- ACTIVITY:
Starting at the first entry below, repeat all the data word for word and drop the pictures.

Short text fragments from websites:
──────────

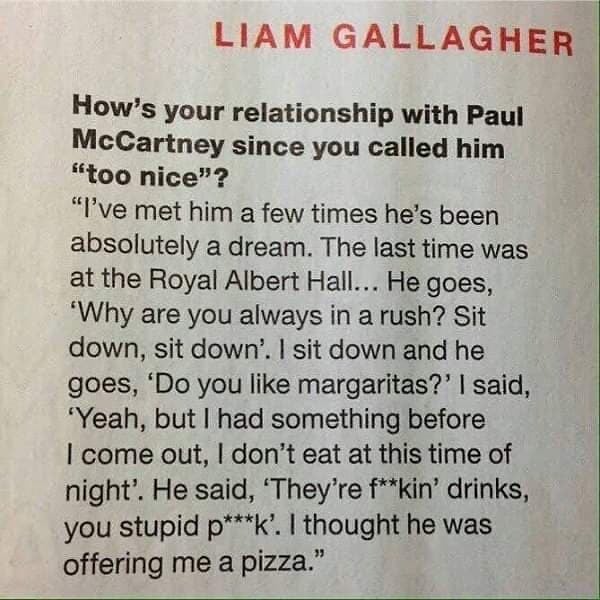 paul mccartney being at today’s oasis gig reminded me how funny this will always be 😭😭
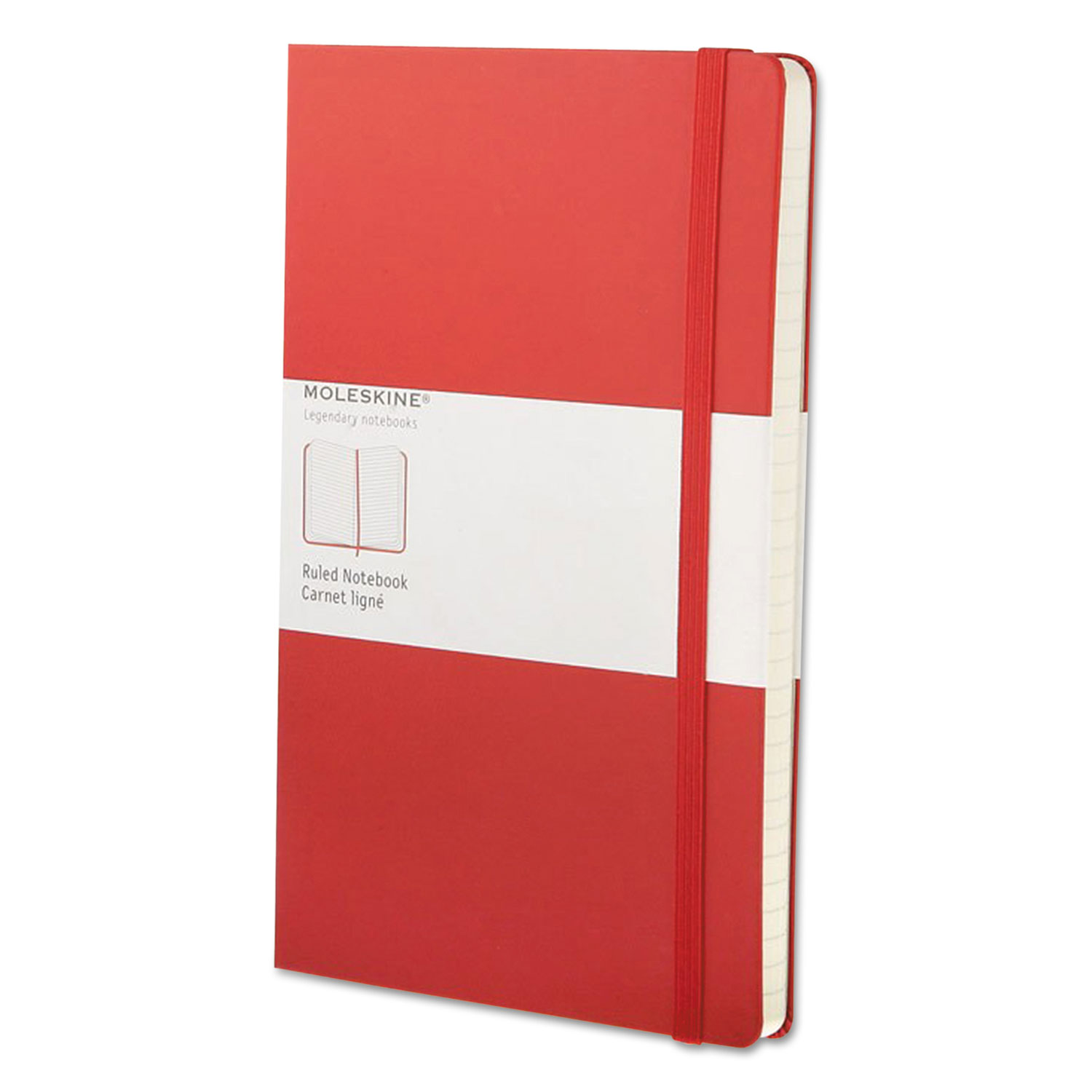  Moleskine 9788862930048 Classic Colored Hardcover Notebook, Narrow Rule, Red Cover, 8.25 x 5, 240 Sheets (HBGQP060R) 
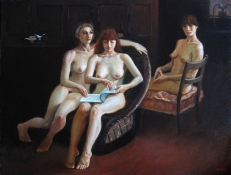 Frank Lind Nudes: Homage to Sargent Oil on canvas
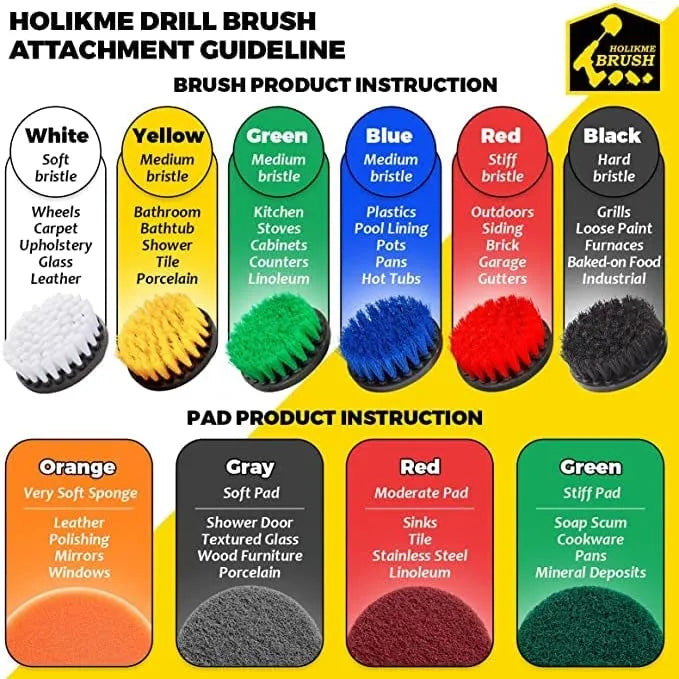 22Piece Drill Brush Attachments Set, Scrub Pads & Sponge, Buffing Pads, Power Scrubber Brush with Extend Long Attachment, Car Polishing Pad Kit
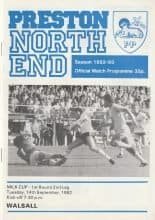 Preston North End v Walsall 14-Sep-1982
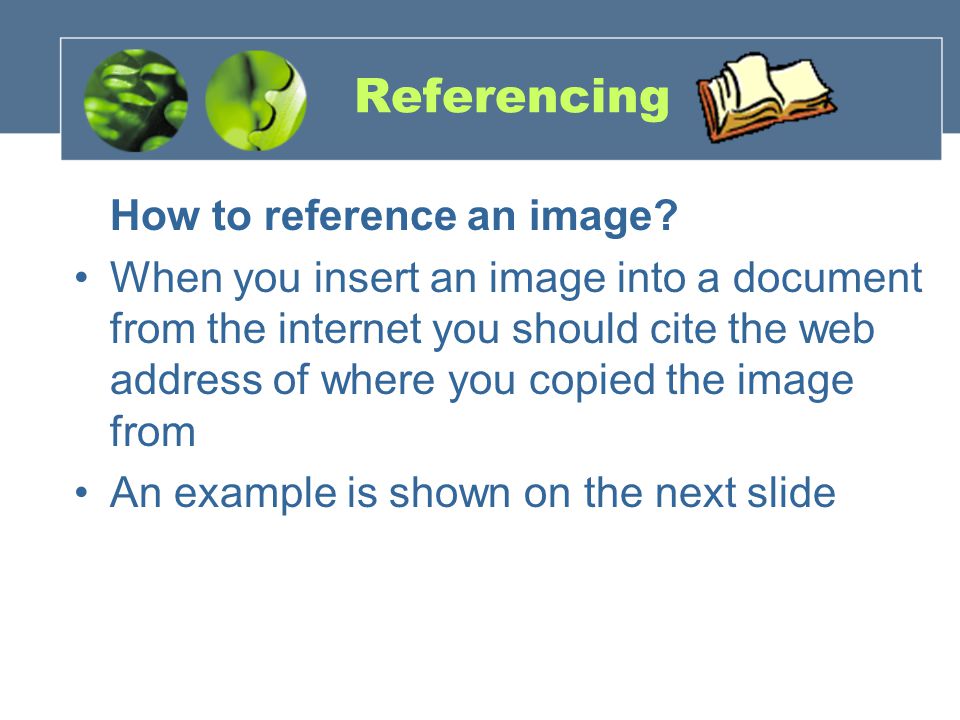 Referencing How to reference an image.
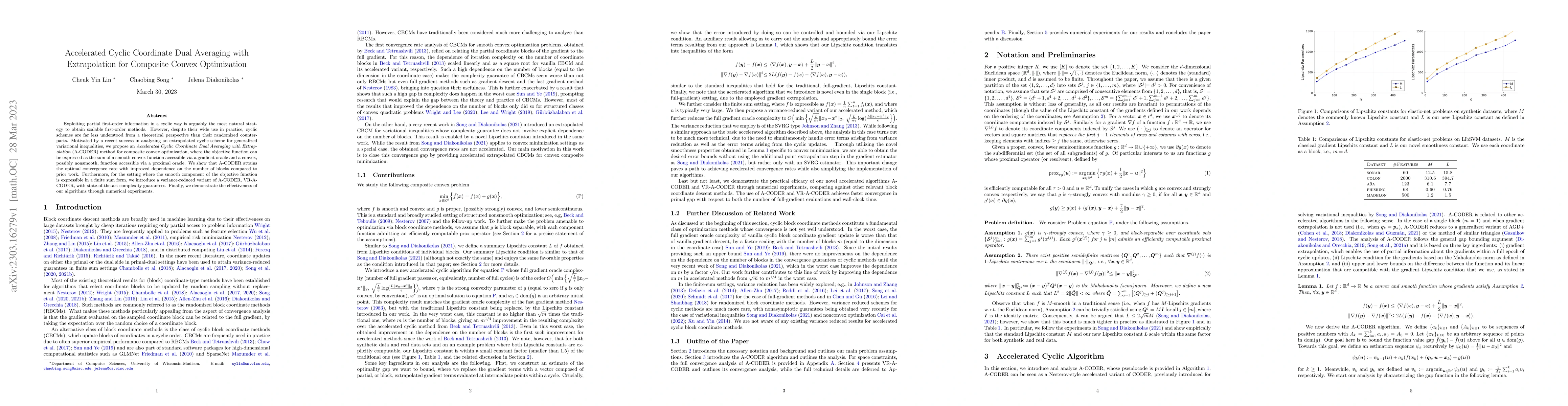 Thumbnail for Accelerated Cyclic Coordinate Dual Averaging with Extrapolation for
  Composite Convex Optimization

──────────

- RESULT BELOW:
 paul mccartney being at today’s oasis gig reminded me how funny this will always be 😭😭
  Moleskine 9788862930048 Classic Colored Hardcover Notebook, Narrow Rule, Red Cover, 8.25 x 5, 240 Sheets (HBGQP060R) 
 Frank Lind Nudes: Homage to Sargent Oil on canvas
 22Piece Drill Brush Attachments Set, Scrub Pads & Sponge, Buffing Pads, Power Scrubber Brush with Extend Long Attachment, Car Polishing Pad Kit
 Preston North End v Walsall 14-Sep-1982
 Referencing How to reference an image.
 Thumbnail for Accelerated Cyclic Coordinate Dual Averaging with Extrapolation for
  Composite Convex Optimization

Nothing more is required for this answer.